3

I am working on python tesseract package with sample code like the follows:

import pytesseract
from PIL import Image

tessdata_dir_config = "--tessdata-dir \"/opt/homebrew/Cellar/tesseract-lang/4.1.0/share/tessdata/\""
image = Image.open("dataset/test.jpeg")
text = pytesseract.image_to_string(image, lang = "chi-sim", config = tessdata_dir_config)
print(text)

And I received the following error message:

pytesseract.pytesseract.TesseractError: (1, 'Error opening data file /opt/homebrew/Cellar/tesseract-lang/4.1.0/share/tessdata/chi-sim.traineddata Please make sure the TESSDATA_PREFIX environment variable is set to your "tessdata" directory. Failed loading language 'chi-sim' Tesseract couldn't load any languages! Could not initialize tesseract.')

From my understanding, the error occurred when reading the file chi-sim.traineddata (which stands for Simplified Chinese), as I will explain the attempts I have made to settle this problem below.

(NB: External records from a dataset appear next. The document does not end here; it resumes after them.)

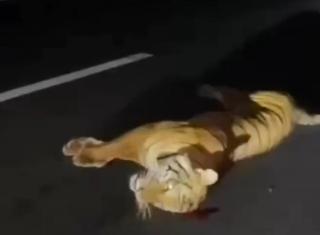 Heboh Kabar Harimau Mati Tertabrak Mobil di Tol Pekanbaru-Dumai, Ternyata Begini Faktanya
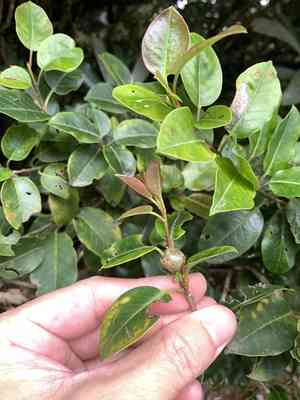 Long-stalk holly(Ilex pedunculosa)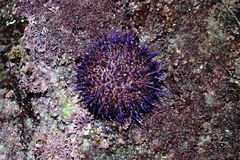 Pseudocentrotus depressus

  • My developing environment is M1 macOS, and I installed tesseract and tesseract-lang from Homebrew. I am pretty sure that the path specified above is exactly where the source files are located, since when I call
print(pytesseract.get_languages(config = ""))

I get a long list of languages printed, including chi-sim.

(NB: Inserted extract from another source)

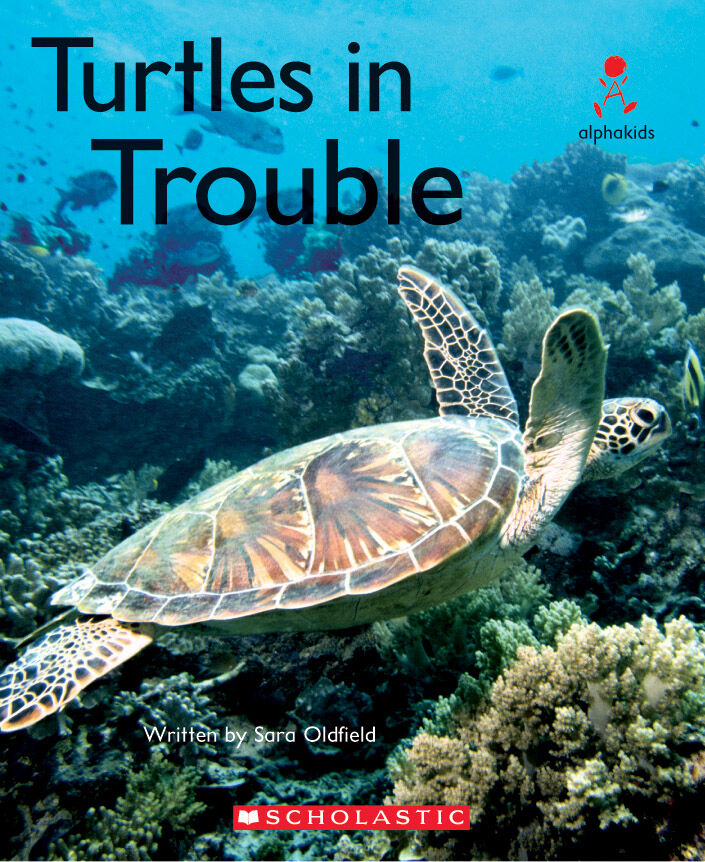 Alphakids: Set 2, Level 23 (L): Turtles in Trouble 6 Pack image number 1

  • Further, if we just use English instead of Chinese, the following code can successfully recognize the English texts in an image:
text = pytesseract.image_to_string(image)
  • I've tried to specify environment variable TESSDATA_PREFIX in multiple ways, including:
  1. Using config parameter as in the original code.

  2. Adding global environment variable in PyCharm.

  3. Adding the following line in the code

os.environ["TESSDATA_PREFIX"] = "tesseract/4.1.1/share/tessdata/"
  1. Adding the following line to bash_profile in terminal
export TESSDATA_PREFIX=/opt/homebrew/Cellar/tesseract-lang/4.1.0/share/tessdata/

But unfortunately, none of these works.

  • It seems as if my file chi-sim.traineddata is, somehow, broken, so I directly downloaded the trained data file from GitHub (https://github.com/tesseract-ocr/tessdata/blob/master/chi_sim.traineddata), hit the "Download" button on the right, and placed the downloaded file in the tesseract-lang and original tesseract directory (where eng.traineddata is located). Yes, I've tried both, but neither works.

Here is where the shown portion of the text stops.